Körper-Scan-Meditation:
- Vorbereitung: Setze oder lege dich in eine bequeme Position. Schließe sanft die Augen und konzentriere dich auf deine Atmung, um zur Ruhe zu kommen.
- Fokussiere deine Aufmerksamkeit: Beginne, deine Aufmerksamkeit auf deinen Atem zu richten. Atme ruhig und bewusst ein und aus, um im gegenwärtigen Moment anzukommen.
- Scanne deinen Körper: Lenke nun deine Aufmerksamkeit auf verschiedene Teile deines Körpers, beginnend mit den Zehen. Spüre bewusst in jede Region hinein, ohne sie zu bewerten. Lass deine Aufmerksamkeit langsam durch den Körper wandern, bis hin zum Kopf.
- Achte auf Empfindungen: Wenn du auf bestimmte Bereiche triffst, die verspannt oder unangenehm sind, richte deine Aufmerksamkeit darauf. Beobachte die Empfindungen ohne Urteil. Oft sind in solchen Bereichen auch emotionale Blockaden oder unterdrückte Gefühle gespeichert.
- Atme in diese Bereiche: Atme bewusst in die verspannten oder unangenehmen Bereiche hinein. Stelle dir vor, wie du mit jedem Atemzug Spannungen loslässt und Platz für Entspannung schaffst.
- Dankbarkeit und Selbstmitgefühl: Zum Abschluss richte deine Aufmerksamkeit auf deinen gesamten Körper. Fokussiere dich auf das Gefühl der Entspannung und spüre Dankbarkeit für deinen Körper. Schicke dir selbst liebevolle Gedanken und Akzeptanz.
- Langsam zurückkehren: Öffne nach einiger Zeit sanft die Augen und kehre langsam in deine Umgebung zurück.

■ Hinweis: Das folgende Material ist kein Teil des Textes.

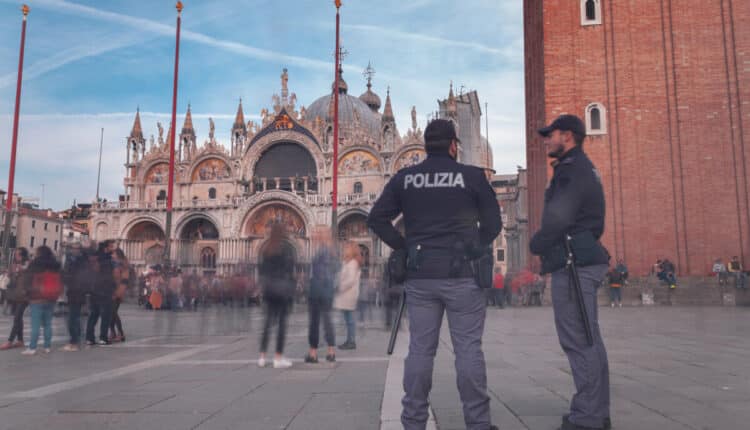 Venezia: esecuzione di ordinanza applicativa della misura di sicurezza provvisoria a carico di un giovane moldavo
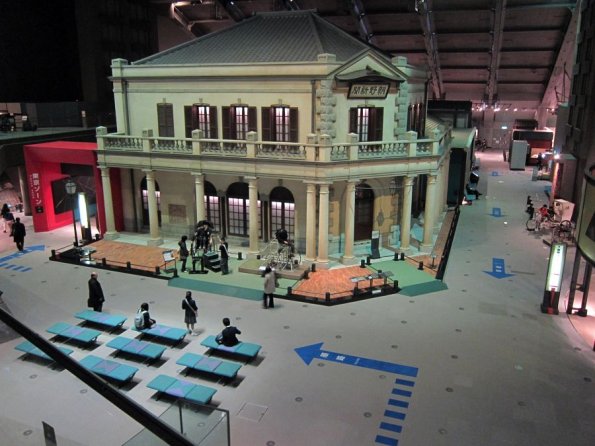 di_20100301-205511-edomuseum-choyanewspaperpubdo-from-nihonbashi-bridge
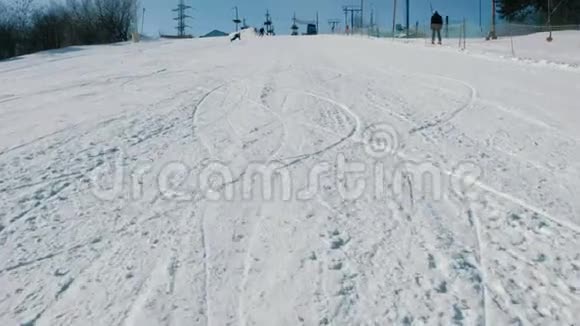 12岁的少年穿着蓝色西装从下一天的雪下滑到滑雪板上视频的预览图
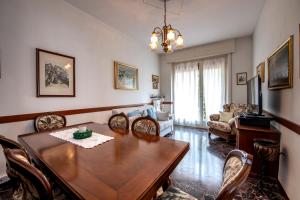 ein Wohnzimmer mit einem Holztisch und Stühlen in der Unterkunft 175 - Casa Foglia ,100 meters to sea and beach in Sestri Levante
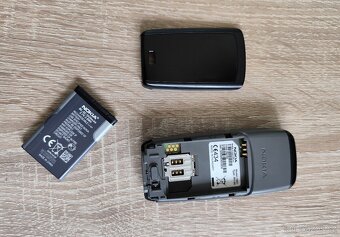 TLAČÍTKOVÝ MOBILNÍ TELEFON NOKIA 1600 (RH-64) - 7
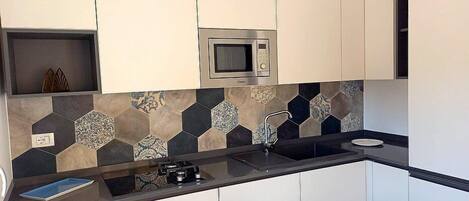 Fridge, microwave, stovetop, dishwasher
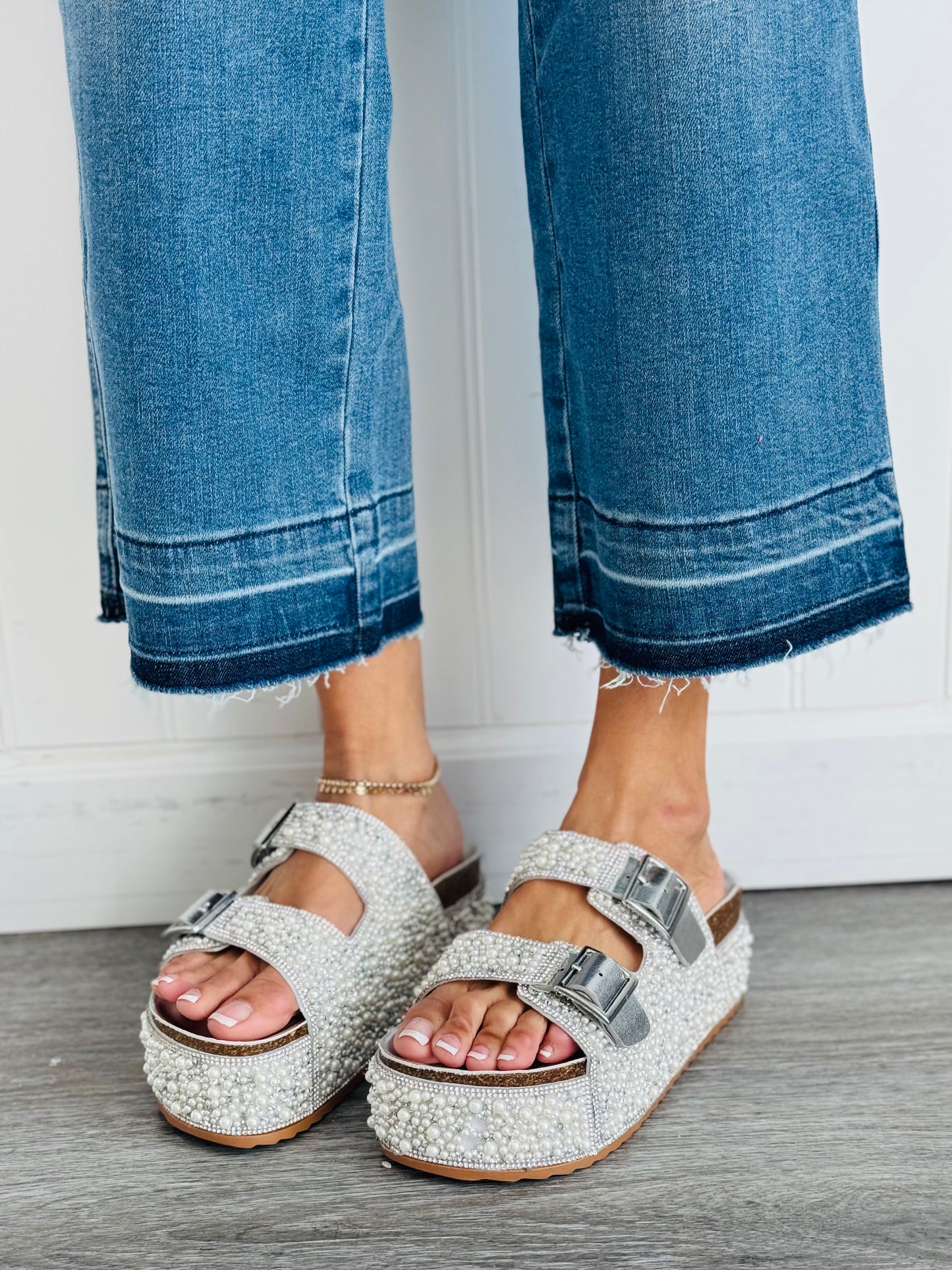Judy Blue Completely Obsessed Tummy Control Wide Leg Crop Jeans (Reg. & Plus)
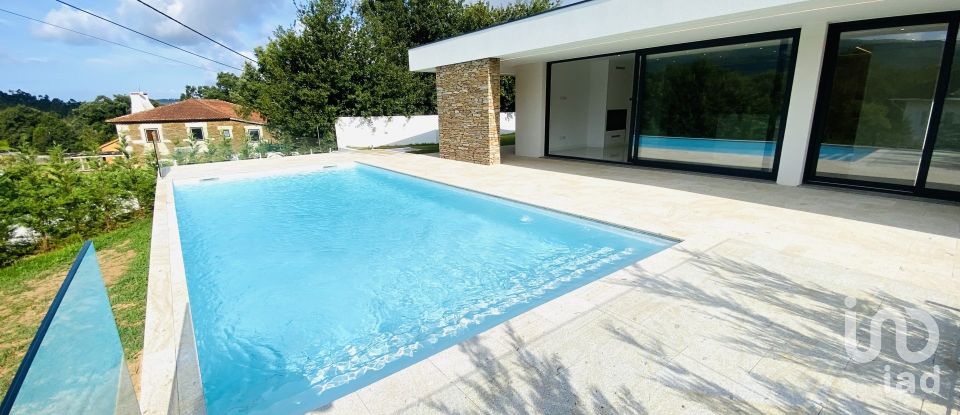 Moradia T3 em Sopo de 350 m²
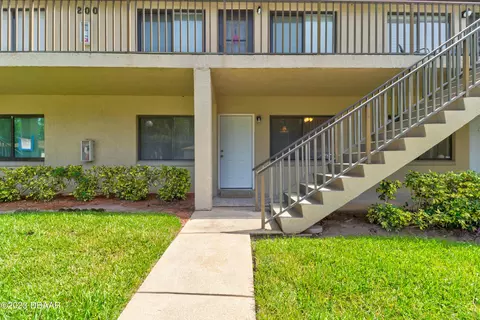 1601 Big Tree Rd #203, Daytona Beach, FL 32119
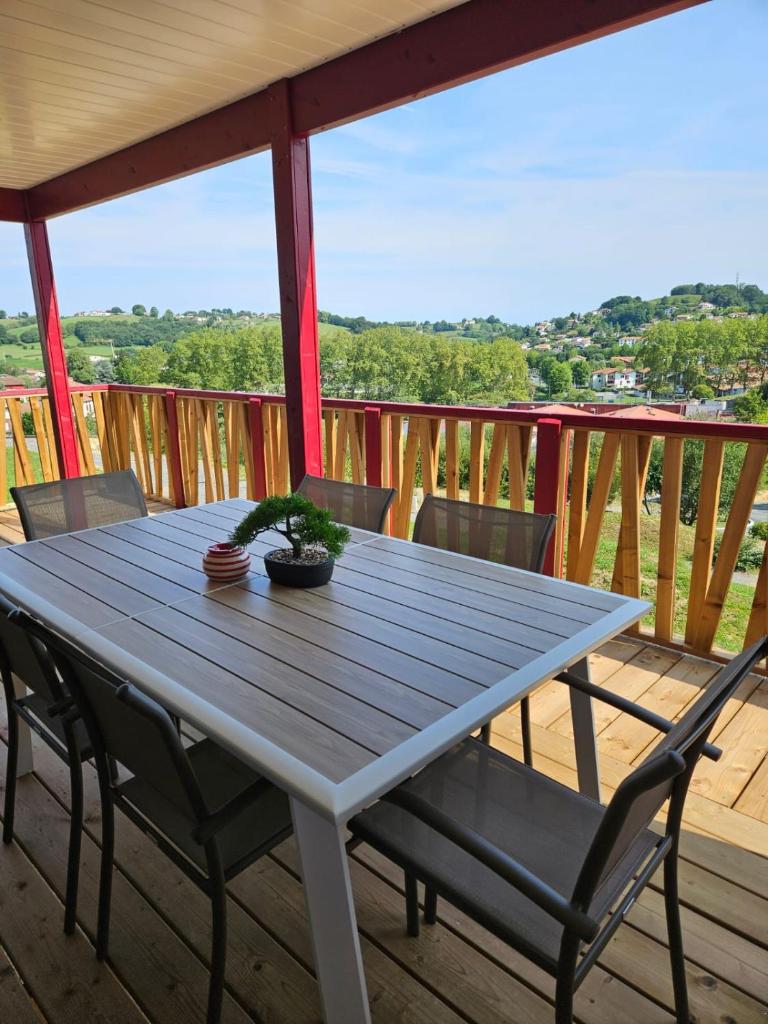 Chalet avec piscine & vue de 2 à 6 personnes à Hasparren - Pays Basque - Chalet Ibaia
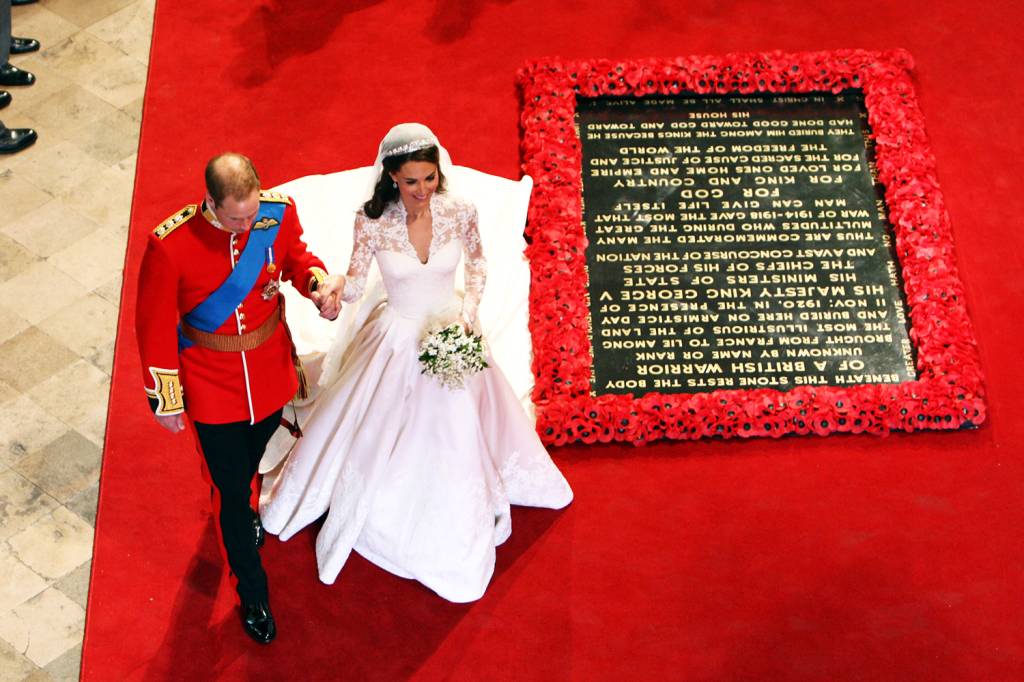Casamento de Kate Middleton e Príncipe William – 2011 Kate Middleton e Príncipe William deixam a Abadia de Westminster após cerimônia - 29/04/2011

Diese Übung kann täglich praktiziert werden und unterstützt dich dabei, dich wieder mit deinen Emotionen zu verbinden. Sei geduldig mit dir selbst und erlaube dir, diesen Prozess als einen Weg der Selbstentdeckung zu sehen. Veränderungen brauchen Zeit, und mit jeder bewussten Übung kommst du einen Schritt näher zu einer tieferen Verbindung mit deinem inneren Erleben.